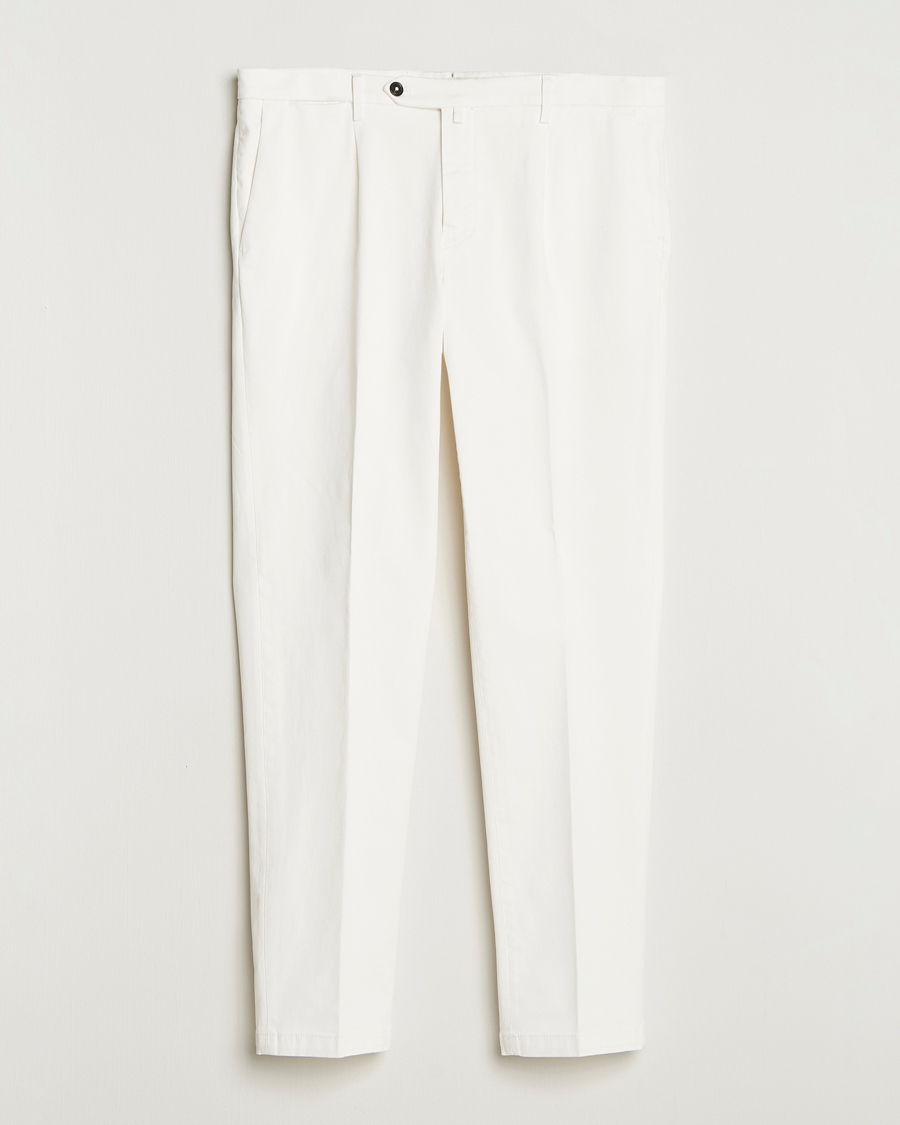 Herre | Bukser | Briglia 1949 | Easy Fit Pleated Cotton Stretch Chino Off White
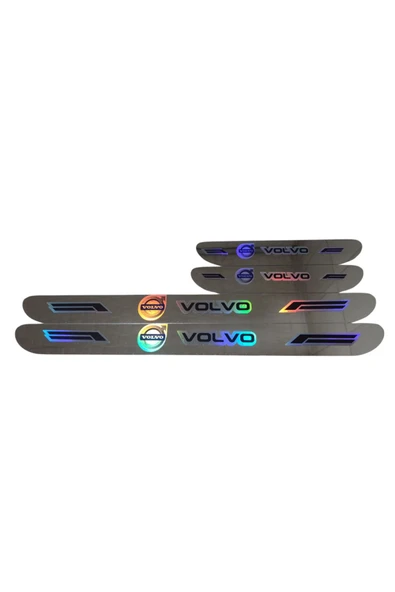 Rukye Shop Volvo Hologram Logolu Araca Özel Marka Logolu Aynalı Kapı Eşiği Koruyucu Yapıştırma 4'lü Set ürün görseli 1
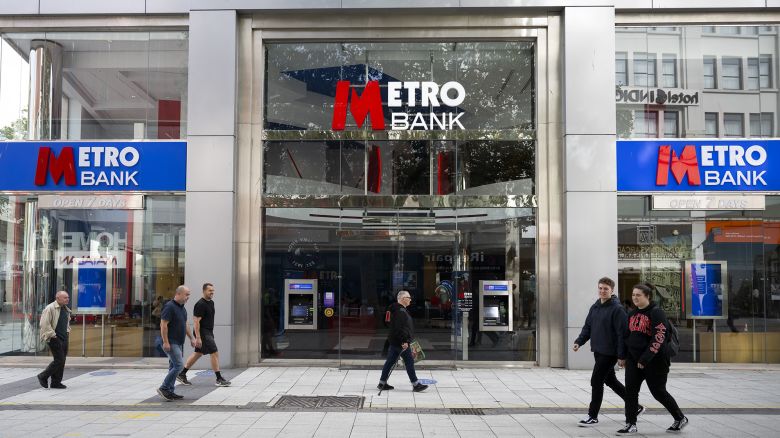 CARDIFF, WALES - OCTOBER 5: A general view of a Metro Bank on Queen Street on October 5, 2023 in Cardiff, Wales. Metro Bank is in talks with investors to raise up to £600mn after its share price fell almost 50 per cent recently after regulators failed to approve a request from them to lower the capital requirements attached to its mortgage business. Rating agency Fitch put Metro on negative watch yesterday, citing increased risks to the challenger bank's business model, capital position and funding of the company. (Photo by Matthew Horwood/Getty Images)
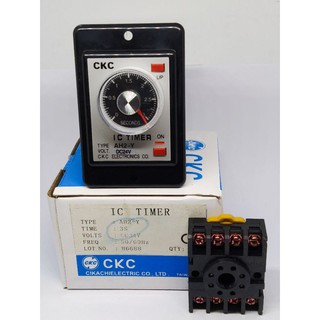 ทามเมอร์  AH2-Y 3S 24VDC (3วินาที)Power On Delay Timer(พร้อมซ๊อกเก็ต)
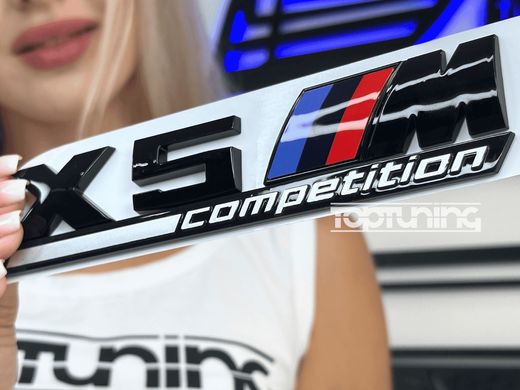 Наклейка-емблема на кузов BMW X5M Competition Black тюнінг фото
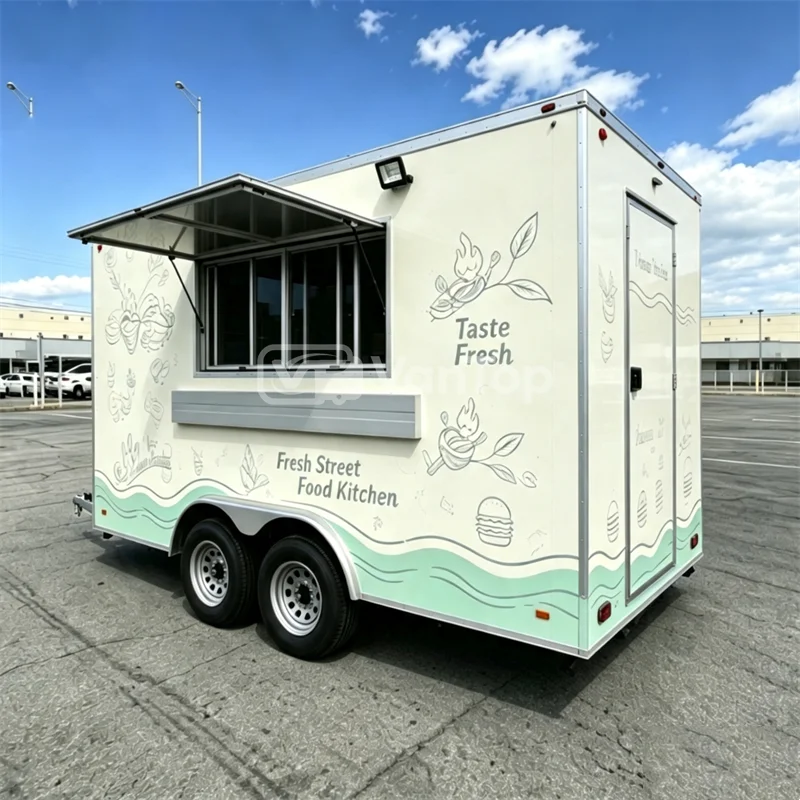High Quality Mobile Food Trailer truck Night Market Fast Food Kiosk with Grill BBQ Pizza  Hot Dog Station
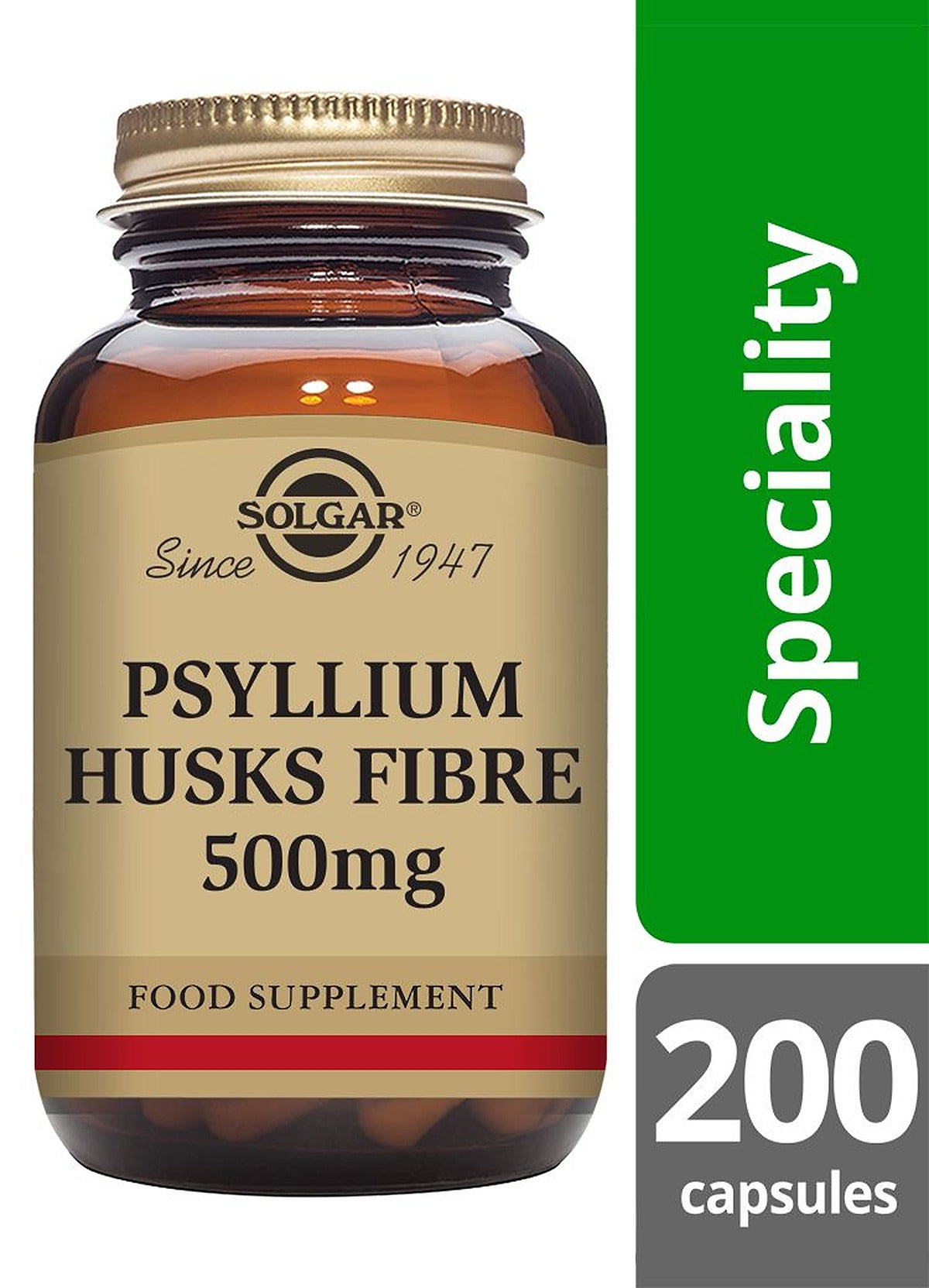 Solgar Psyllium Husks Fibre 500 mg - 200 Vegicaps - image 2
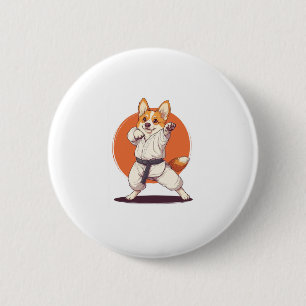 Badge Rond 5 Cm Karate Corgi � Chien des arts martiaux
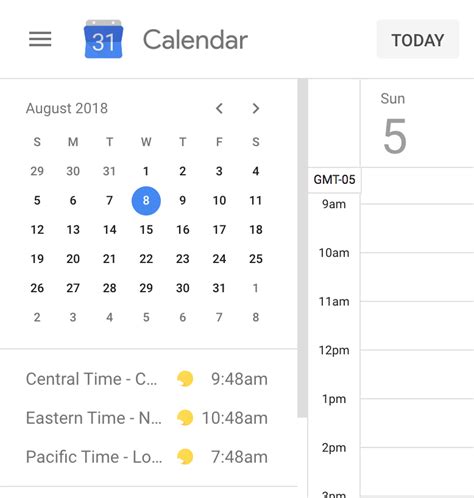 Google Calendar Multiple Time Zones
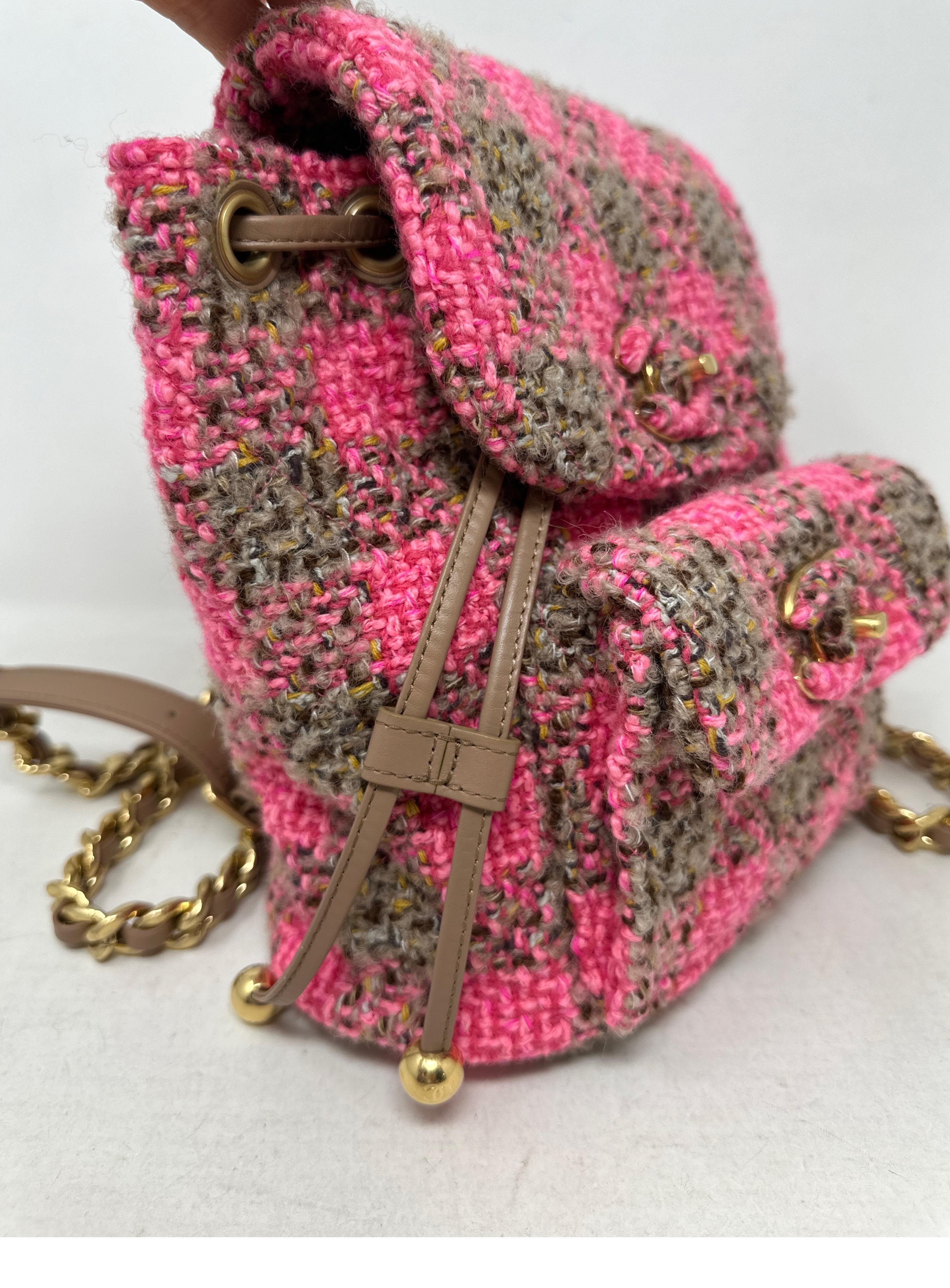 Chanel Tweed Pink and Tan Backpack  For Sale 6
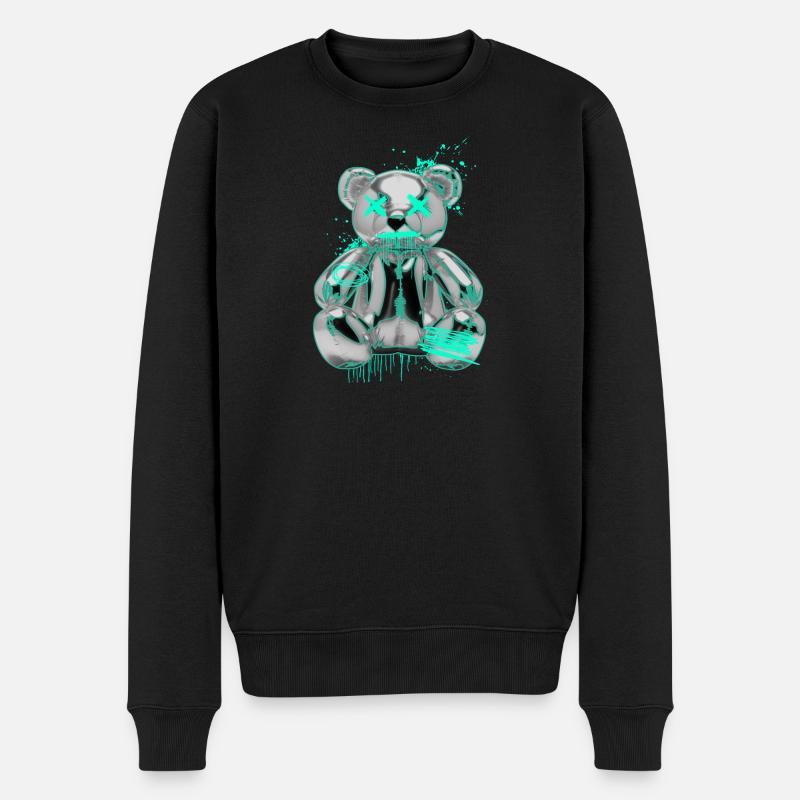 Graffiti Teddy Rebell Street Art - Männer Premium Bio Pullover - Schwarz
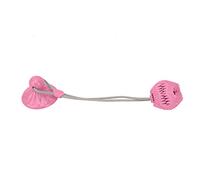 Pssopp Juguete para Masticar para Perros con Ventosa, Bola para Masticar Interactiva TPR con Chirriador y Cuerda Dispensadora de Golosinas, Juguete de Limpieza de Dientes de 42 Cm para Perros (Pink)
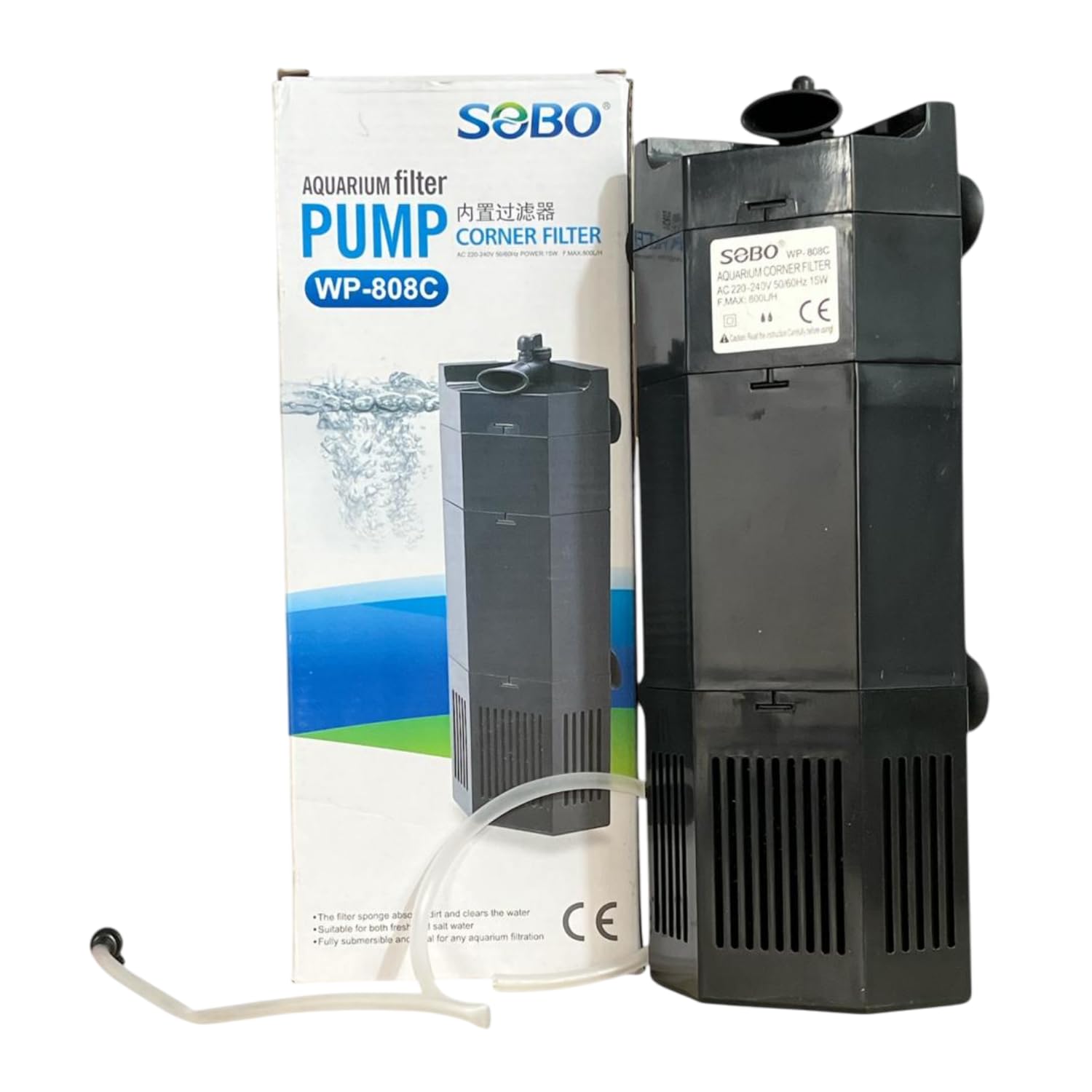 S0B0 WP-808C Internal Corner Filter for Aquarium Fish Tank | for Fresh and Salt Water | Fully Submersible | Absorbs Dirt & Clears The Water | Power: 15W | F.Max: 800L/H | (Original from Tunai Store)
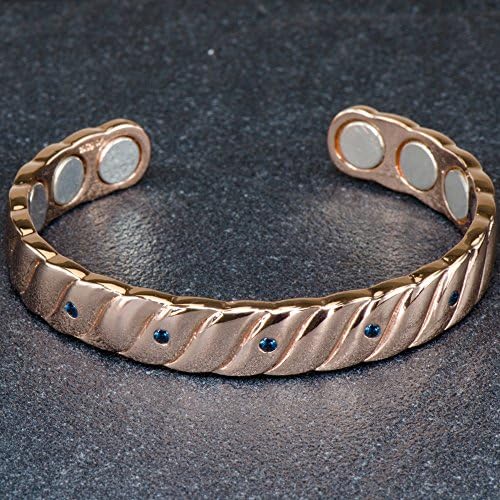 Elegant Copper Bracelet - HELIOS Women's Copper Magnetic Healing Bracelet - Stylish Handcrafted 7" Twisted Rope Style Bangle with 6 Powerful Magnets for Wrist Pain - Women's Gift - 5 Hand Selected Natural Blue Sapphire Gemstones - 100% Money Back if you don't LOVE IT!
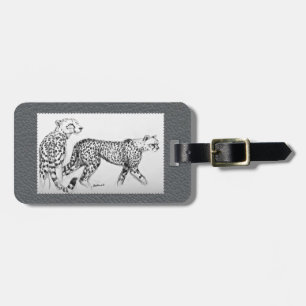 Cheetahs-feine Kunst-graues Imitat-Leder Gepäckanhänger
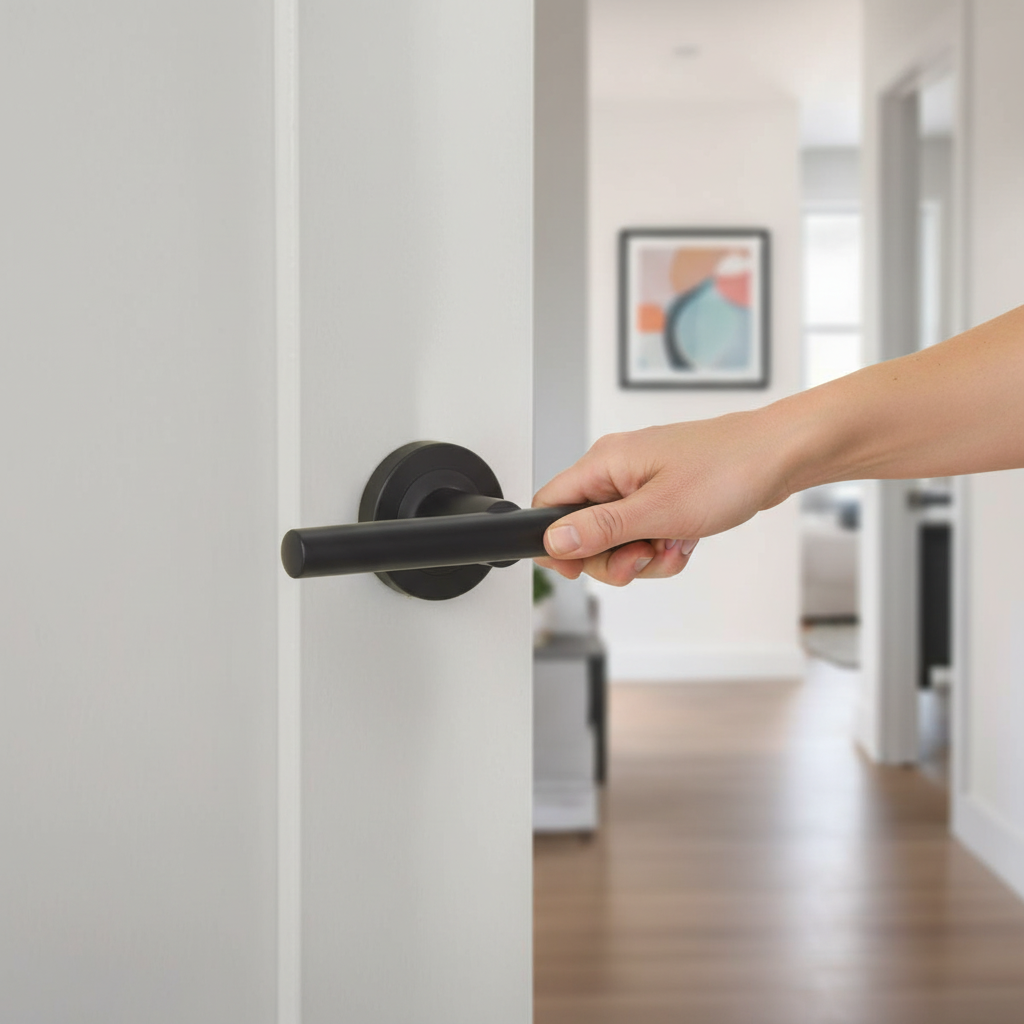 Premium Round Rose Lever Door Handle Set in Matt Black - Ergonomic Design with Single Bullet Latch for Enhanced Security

------------------------------------------------------------

*Work instruction*
Take the records above from the line with "S0B0 WP-808C Internal" down to their last line and please copy those lines exactly, without the pictures.

*Exercise output*
 S0B0 WP-808C Internal Corner Filter for Aquarium Fish Tank | for Fresh and Salt Water | Fully Submersible | Absorbs Dirt & Clears The Water | Power: 15W | F.Max: 800L/H | (Original from Tunai Store)
 Elegant Copper Bracelet - HELIOS Women's Copper Magnetic Healing Bracelet - Stylish Handcrafted 7" Twisted Rope Style Bangle with 6 Powerful Magnets for Wrist Pain - Women's Gift - 5 Hand Selected Natural Blue Sapphire Gemstones - 100% Money Back if you don't LOVE IT!
 Cheetahs-feine Kunst-graues Imitat-Leder Gepäckanhänger
 Premium Round Rose Lever Door Handle Set in Matt Black - Ergonomic Design with Single Bullet Latch for Enhanced Security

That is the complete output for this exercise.